Testing and deploying UDFs with dbt

Edit: You might be interested in our updated solution to this problem: UDF Nirvana? A new way to integrate UDFs into the dbt ecosystem

Inspired by our previous post on unit testing dbt and discussion in the dbt forums, I looked into how to get dbt to help me test and deploy UDFs. Although dbt doesn’t directly support UDFs, it turns out it’s actually fairly straightforward to define, test and reference them in your models. I’ll be using BigQuery in this post, but I think the techniques will apply to other warehouses that support UDFs like Snowflake, Redshift and Spark, too.

What’s a UDF and what does it have to do with dbt?

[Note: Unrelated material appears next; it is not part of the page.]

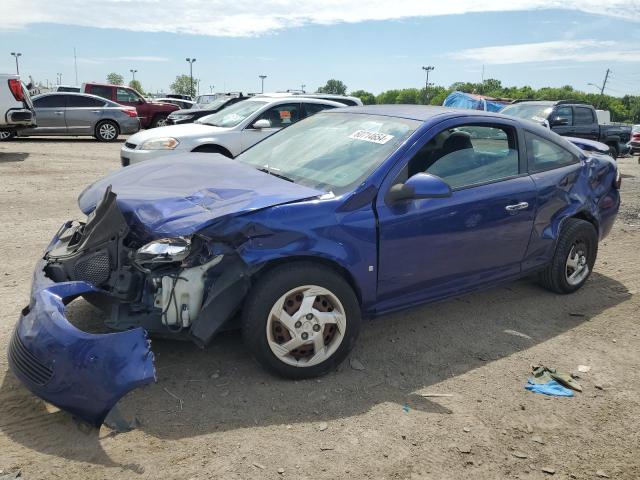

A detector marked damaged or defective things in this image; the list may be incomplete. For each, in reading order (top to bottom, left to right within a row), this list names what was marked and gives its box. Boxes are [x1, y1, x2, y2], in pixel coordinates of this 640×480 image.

crumpled hood [127, 122, 228, 146]
crumpled hood [77, 154, 322, 236]
broken headlight [136, 237, 191, 266]
detached front bumper [9, 255, 156, 428]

A UDF is a User-Defined Function. Like any other type of function, they’re really helpful to capture and name chunks of logic that you can apply in queries, and I talked about them before, starting from Tip 4 in our Data Warehouse Tips post. dbt takes care of deploying the tables and views that you might use your UDFs in, so robustly referencing a function from your models is important. When I say ‘robustly’, I mean ensuring that the function exists and that you’re calling the function from the appropriate location – for example, avoiding hard-coding your production functions everywhere. There’s no native support for referencing a UDF like there is with `source` or `ref`, nor any native way to deploy a function in a project. This post explains how you can solve those problems.

The example

I have a BigQuery dataset that I use for my personal development work. This is referenced in my own dbt profile. When I run dbt commands on my machine, they take effect here.

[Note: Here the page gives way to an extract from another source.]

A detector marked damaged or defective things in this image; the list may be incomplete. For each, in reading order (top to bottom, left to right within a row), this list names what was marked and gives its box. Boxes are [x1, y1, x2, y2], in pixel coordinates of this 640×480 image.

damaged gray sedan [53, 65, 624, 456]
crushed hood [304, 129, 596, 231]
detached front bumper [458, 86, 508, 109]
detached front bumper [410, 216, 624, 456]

There are test and production datasets that my CI system has profiles for. I cannot run ad-hoc dbt commands in these datasets. When I push my changes, the CI system will run any dbt commands necessary to deploy my updates and run tests. I’ll not be talking about that in this post, but it’s important that I’m referencing the UDF that is deployed in the same environment that I’m working in – otherwise I can’t iterate safely, relying on my tests.

The example UDF I’ll use is a simple predicate function, located in `my_schema`, from string to bool that returns true if and only if the string value can be interpreted as a positive integer:

CREATE OR REPLACE FUNCTION my_schema.is_positive_int(a_string STRING)

RETURNS BOOLEAN

AS (

  REGEXP_CONTAINS(a_string, r'^[0-9]+$')

);

Defining a UDF in dbt

We need to write a dbt “macro” – a Jinja template – that parameterises where the UDF should go. In `macros/is_positive_int_udf.sql`:

{% macro is_positive_int_udf() %}

CREATE OR REPLACE FUNCTION {{ target.schema }}.is_positive_int(a_string STRING)

RETURNS BOOLEAN

AS (

  REGEXP_CONTAINS(a_string, r'^[0-9]+$')

);

{% endmacro %}

Note the macro name matches the file and that `target.schema` is templated out.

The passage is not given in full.